■ **Given information**
-----

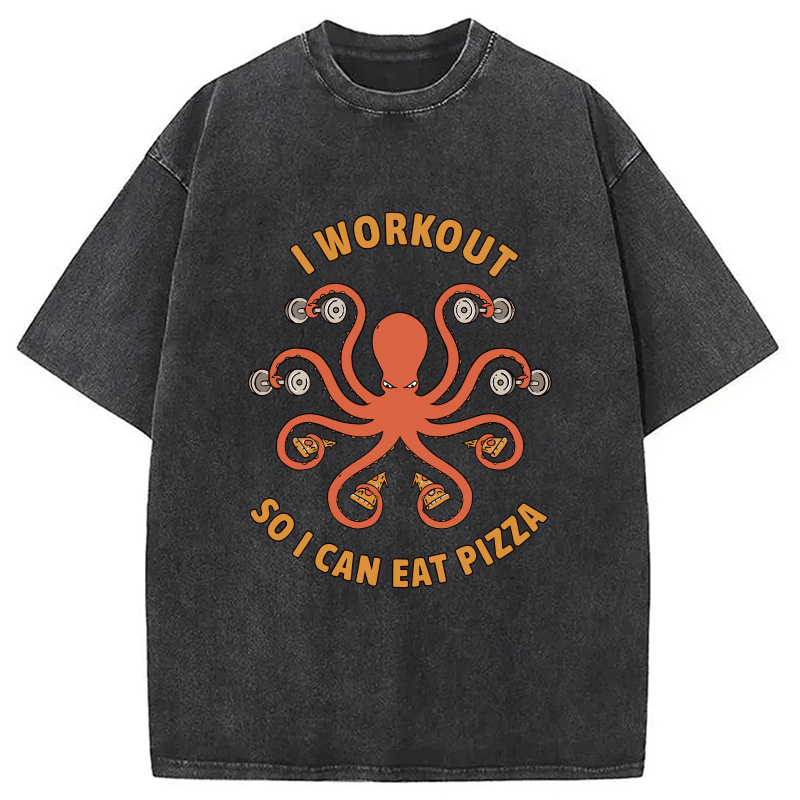 Tokyocanvas Octopus Exercising Washed T-Shirt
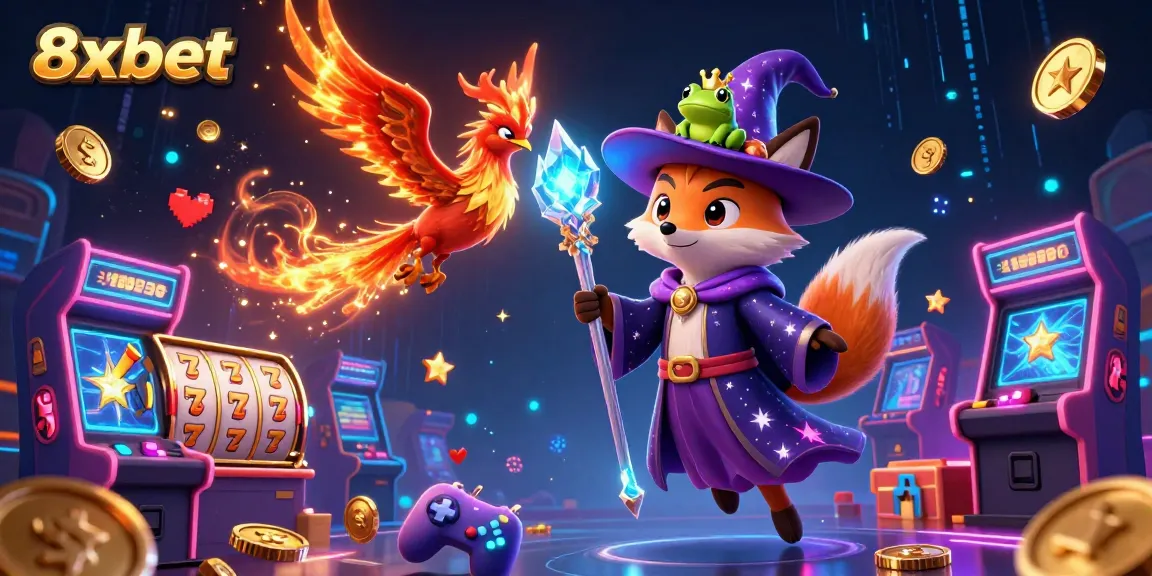 Play exciting slots at 8xbet with a mystical wizard fox and dazzling 3D gaming elements.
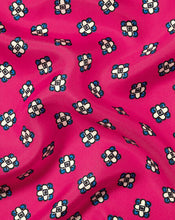 Load image into Gallery viewer, Floral Geometic Print Pocket Square - Bright Pink &amp; Blue
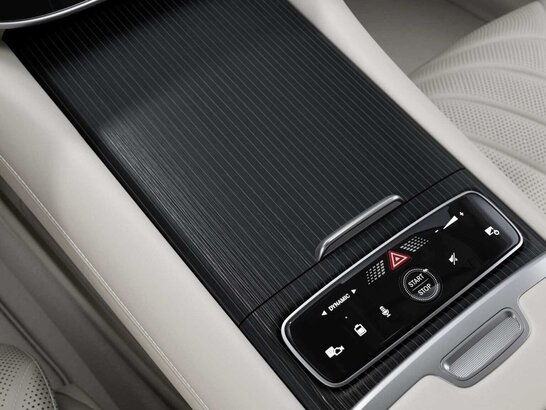 Zierelemente Holz Pappel anthrazit offenporig fine lines im Mercedes-Benz EQS 2026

-----

■ **What the exercise asks**
Could you repeat all of the data exactly, minus the pictures?

■ **Response to the task**
 Tokyocanvas Octopus Exercising Washed T-Shirt
 Play exciting slots at 8xbet with a mystical wizard fox and dazzling 3D gaming elements.
 Load image into Gallery viewer, Floral Geometic Print Pocket Square - Bright Pink &amp; Blue
 Zierelemente Holz Pappel anthrazit offenporig fine lines im Mercedes-Benz EQS 2026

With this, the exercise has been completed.